Context-Inappropriate Capability

Medium
Confidence
93% confidence
Finding
This section operationalizes storm-targeted prospecting using public property records and mailing/contact data to build lead lists for cold outreach. In an agentic automation context, that enables scalable collection and use of homeowner personal data for unsolicited contact, creating privacy, compliance, and misuse risk even if the data sources are nominally public.
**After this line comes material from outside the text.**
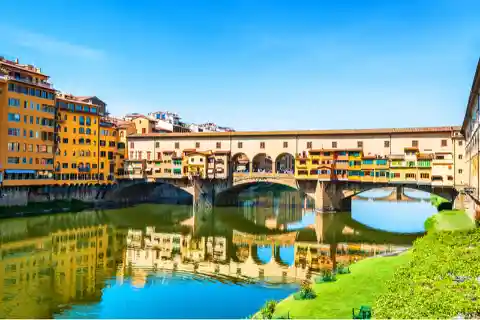 Ponte Vecchio – Italy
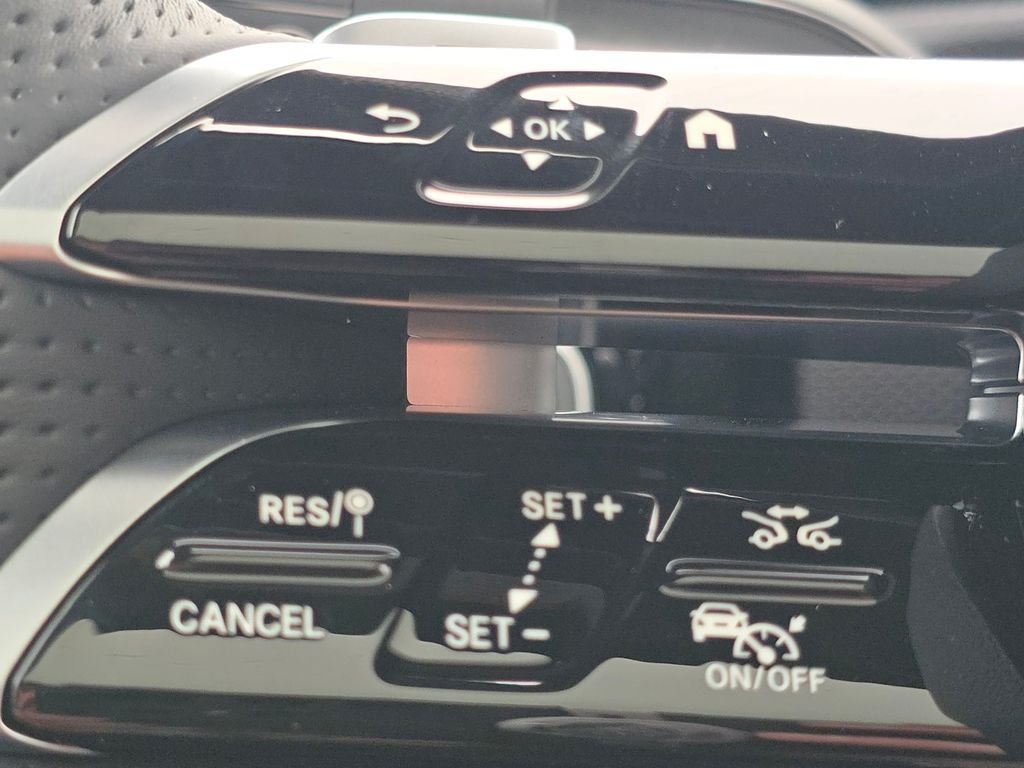 New 2026 Polar White Mercedes-Benz CLA 250 image 34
Description-Behavior Mismatch

High
Confidence
96% confidence
Finding
This script implements rooftop geocoding and solar/roof estimation logic that is materially unrelated to the skill's declared business-operations and email-automation purpose. In an agent skill, unexplained capability drift is dangerous because it can conceal unauthorized data collection, external API usage, or covert secondary functionality that operators would not expect or approve.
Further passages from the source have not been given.